- Court: New York Court of Appeals
- Full case name: Menzel v. List
- Argued: January 7, 1969
- Decided: February 26, 1969
- Citations: Menzel v. List, 24 N.Y.2d 91, 298 N.Y.S.2d 979, 246 N.E.2d 742 (N.Y. 1969)

Court membership
- Chief judge: ARTHUR G. KLEIN, J.

= Menzel v. List =

Menzel v. List was a landmark restitution case involving Nazi looted art.

It was filed by the widow Erna Menzel whose art collection was seized from the Menzel apartment in Brussels in 1941 after the Jewish family fled the Nazis. Menzel's attempt to recover her artworks through litigation was the first such case in the United States and is considered a landmark case that is widely cited.

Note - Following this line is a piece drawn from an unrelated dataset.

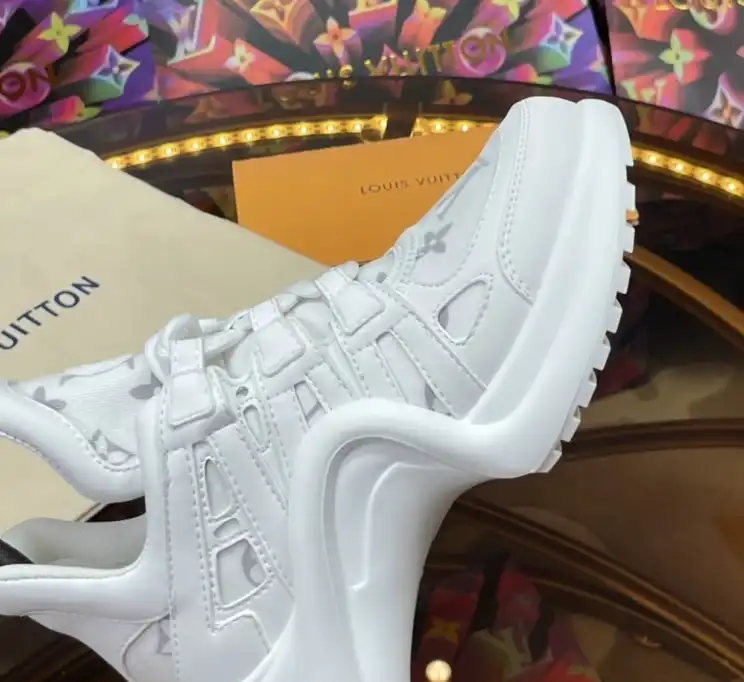 hype Louis Vuitton Sneakers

== The events leading up to the lawsuit ==
Mr. and Mrs Menzel fled the Nazis in 1941, going from Belgium to the United States. When they returned to the apartment after the end of WWII, they discovered a receipt from the Einsatzstab Rosenberg, a Nazi looting organization, for a painting by Marc Chagall called variously L'Echelle de Jacob or Le Paysan et l'Echelle or The Peasant and the Ladder or Jacob's Ladder that the Nazis had seized.

The Menzels looked unsuccessfully for the stolen Chagall. After Mr. Menzel died in 1960, Erna Menzel continued to search. She found a mention of the Chagall in a catalog in 1962 and contacted the possessor, the American art collector Albert A. List, informing him that the artwork had been seized by the Nazis from her collection and requesting its return. List, who said he had bought the painting from Perls Galleries in New York in 1955 and was unaware of its history, refused to return it. Menzel filed a lawsuit, which was known as Menzel v. List. Klaus Perls, the owner of Perls Gallery, was named as a third party defendant. List also filed suit against Perls. Perls, a refugee from the Nazis, and a former head of the Art Dealers' Association of America, also said he did not know that Chagall had been looted.

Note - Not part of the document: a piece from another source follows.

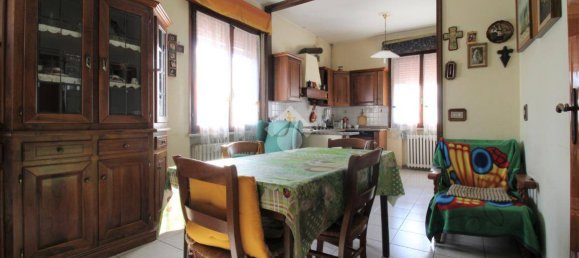 8 bedrooms Villa in Sassuolo, Italy No. 144642 12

== Landmark lawsuit, landmark decision ==
The restitution claim was the first of its kind in the United States and as such gained considerable legal and media attention. In addition to concerning the theft of artwork by a Nazi looting organisation in a country occupied by Nazi Germany during World War II, it also posed important issues for the art world.

The New York Times called it a "classic legal domino game".

In 1966, the Supreme Court of New York decided in favor of Mrs. Menzel in the first restitution case of its kind.

Mrs Menzel's lawsuit made history and it is cited in numerous articles and books, including A Legal Primer on Managing Museum Collections and Museums in Motion: An Introduction to the History and Functions of Museums.